**Exercise description**
Omit the pictures and reproduce the rest of the listing exactly.

**Working data**
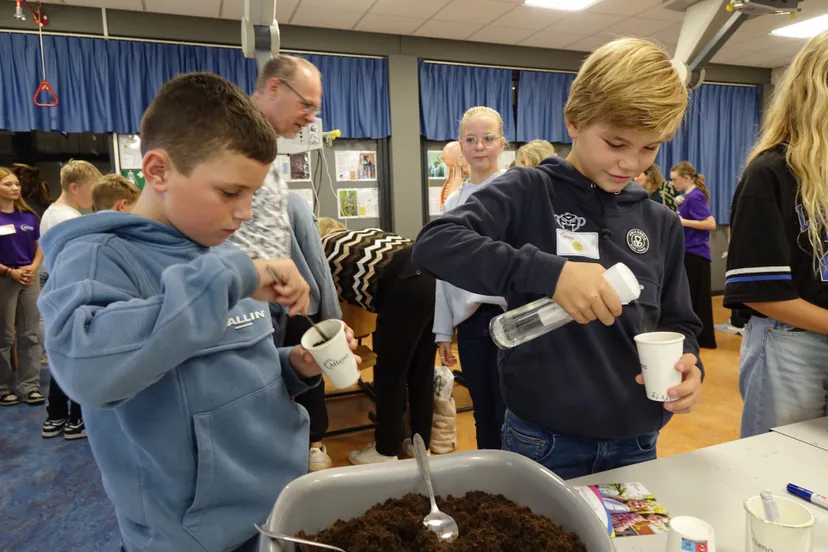 kweekpotjes maken bij natuur weterschap open dag altena college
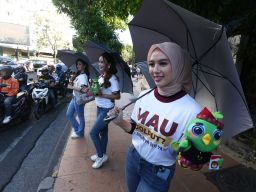 Mbak-mbak cantik voulenteer KPU Jatim ikut mensosialisasikan gelaran Pilkada Serentak 2024.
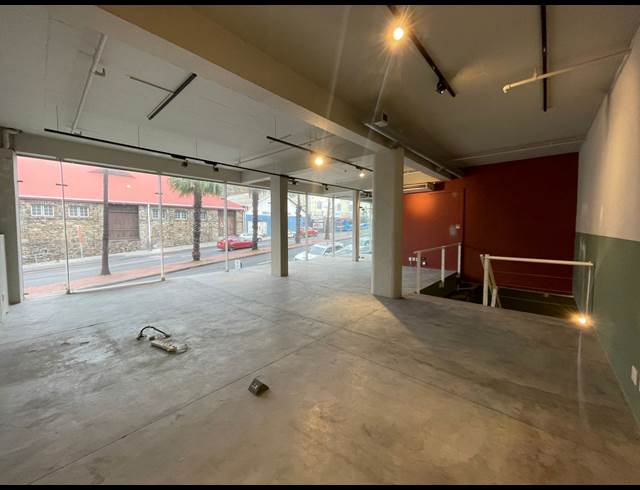 205M² RETAIL TO LET IN DE WATERKANT
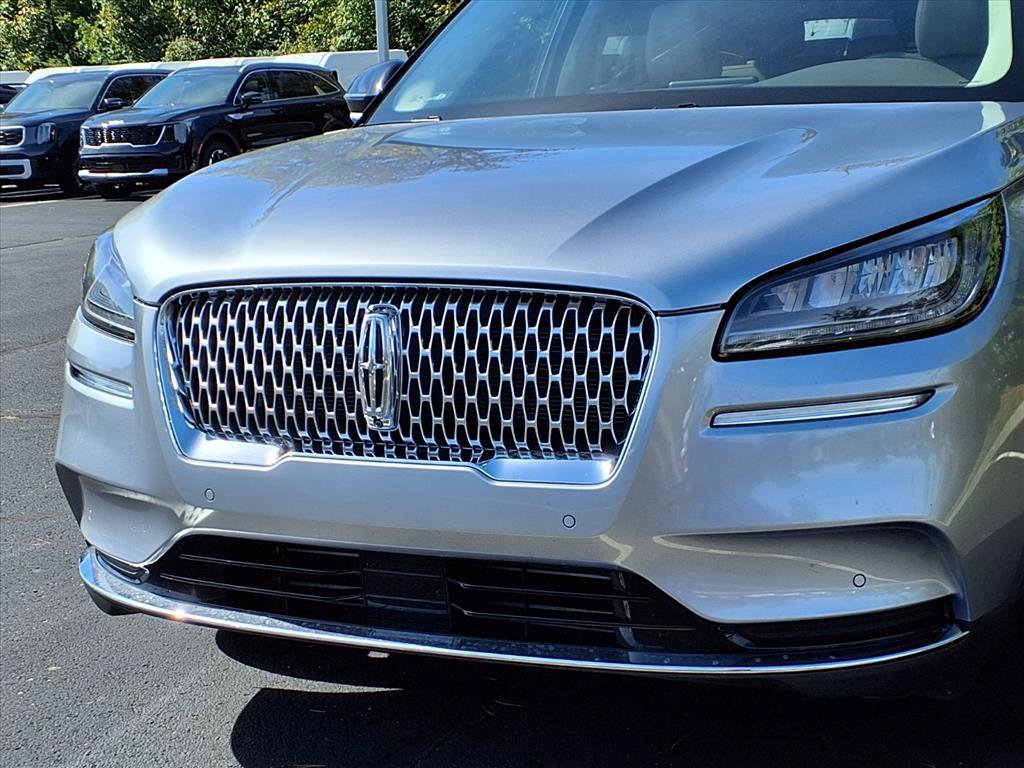 Certified 2022 Lincoln Corsair Reserve w/ Equipment Group 201A image 22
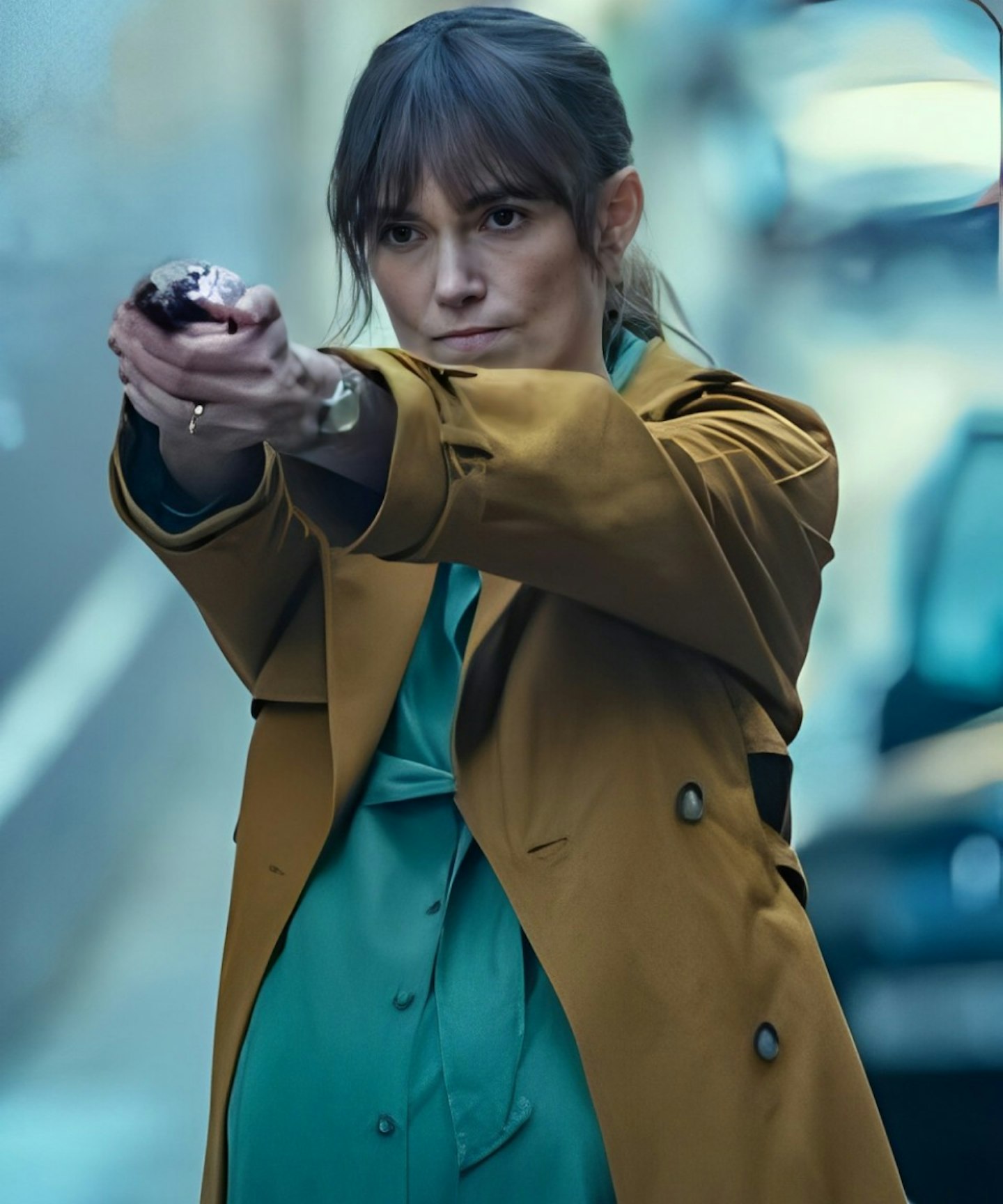 keira knightley wearing tan trench coat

**The completed task**
 kweekpotjes maken bij natuur weterschap open dag altena college
 Mbak-mbak cantik voulenteer KPU Jatim ikut mensosialisasikan gelaran Pilkada Serentak 2024.
 205M² RETAIL TO LET IN DE WATERKANT
 Certified 2022 Lincoln Corsair Reserve w/ Equipment Group 201A image 22
 keira knightley wearing tan trench coat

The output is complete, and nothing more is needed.